Las situaciones y vivencias que se están dando en el marco del coronavirus han puesto sobre la mesa bastantes cuestiones que necesitan ser replanteadas en el sistema educativo, entre otros espacios. Así, hemos podido atender a interesantes debates sobre qué aprendizajes curriculares habría que priorizar y cuáles pueden esperar a otro momento o quedar en un segundo plano; hemos dado vueltas en torno a diversas propuestas para que la “brecha digital” ─que, como sabemos, no es solo digital─ no suponga un hoyo insuperable para muchas familias; también nos hemos preguntado de qué maneras replantear las evaluaciones y cuánto de “excepcional” debe ser una situación para justificar repeticiones de curso… Estos han sido solo algunos de tantos asuntos que, desde luego, quienes tenemos cierta (pre)ocupación respecto a lo educativo, en un sentido amplio (yendo además más allá de lo escolar), necesitamos considerar con calma. Me gustaría sumar otro punto más: la urgencia de practicar una educación abiertamente antifascista y comprometida con la “radicalización de las democracias” ─como dirían Chantal Mouffe y Ernesto Laclau─.

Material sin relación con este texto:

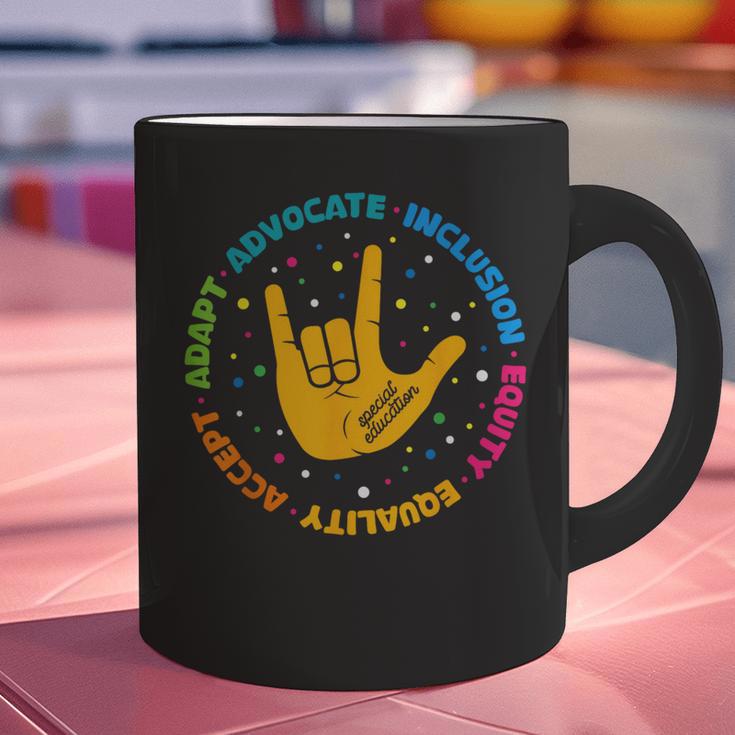 Special Education Teacher Inspirational SPED Teachers Autism Graphic Print Coffee Mug, gift for family, gift for coworker Special Education Teacher Inspirational SPED Teachers Autism Graphic Print Coffee Mug, gift for family, gift for coworker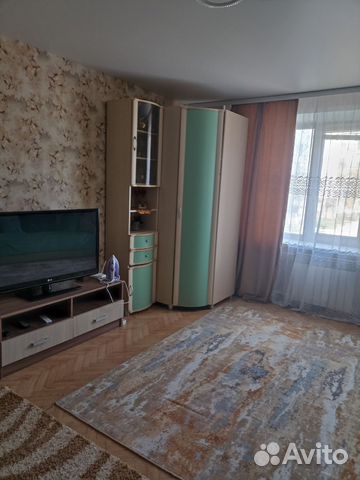 

1-к. квартира, 35 м², 3 кровати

Parece que hay consenso en que estamos viviendo un auge de los populismos xenófobos durante los últimos años. Una de las herramientas de este populismo de extremaderecha, el discurso del odio, se está utilizando para reforzar la construcción de una “nosotredad-pueblo” frente a una “otredad-antipueblo” que parece venir de “fuera”, señalando a su vez como cómplices a unos supuestos “traidores internos” mediante discursos reaccionarios hacia las conquistas democráticas de los diversos movimientos sociales, tal y como explica Mª Esperanza Casullo en su obra. ¿Por qué funciona el populismo? A la vez que este tipo de práctica discursiva se incrementa en la vida pública, surgen intentos para que en las aulas no se pueda hablar de ello: el llamado pin parental y las denuncias al programa Skolae son algunos ejemplos de ese intento por “neutralizar” la educación.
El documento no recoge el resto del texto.